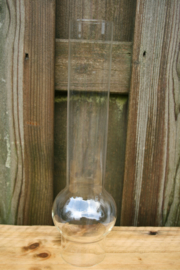 Olielampglas, bol met lange hals Boheemsch cristal Schutz-Marke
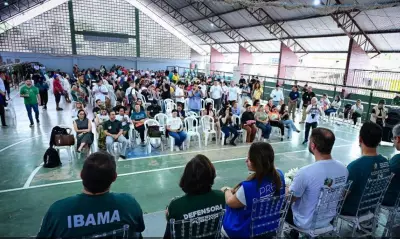 Mutirão no Marajó leva justiça, saúde e cidadania a ribeirinhos até sexta-feira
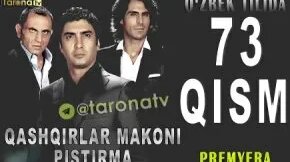Qashqirlar Makoni Pistirma 73-qism Ozbek tilida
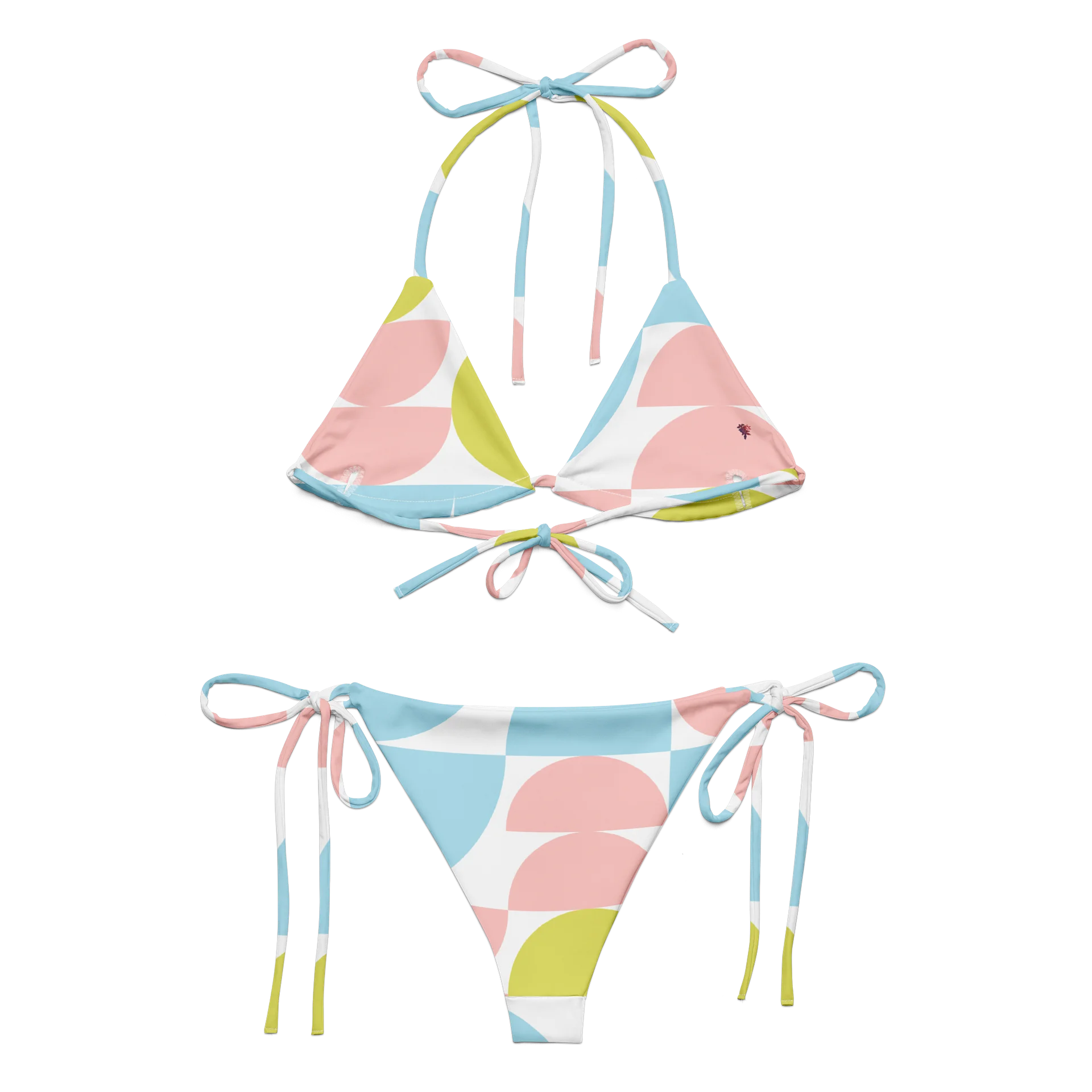 Geometric Bliss String Bikini Set product image (1)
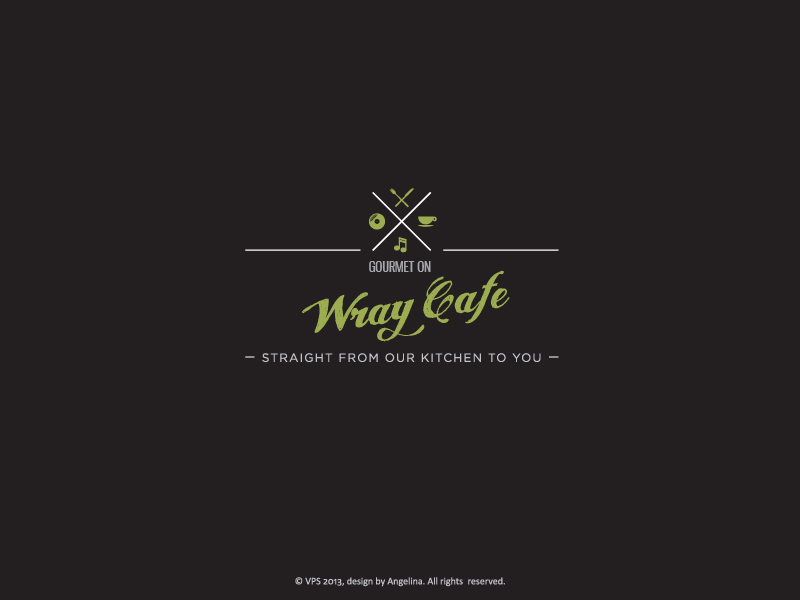 Diseño de Logo por Angelina para Gourmet on Wray | Diseño #2016956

**ASSIGNMENT**
Leaving out the pictures, return exactly the lines from the one that contains "Qashqirlar Makoni Pistirma" through the last line of the records above, inclusive.

**RESULT BELOW**
Qashqirlar Makoni Pistirma 73-qism Ozbek tilida
 Geometric Bliss String Bikini Set product image (1)
 Diseño de Logo por Angelina para Gourmet on Wray | Diseño #2016956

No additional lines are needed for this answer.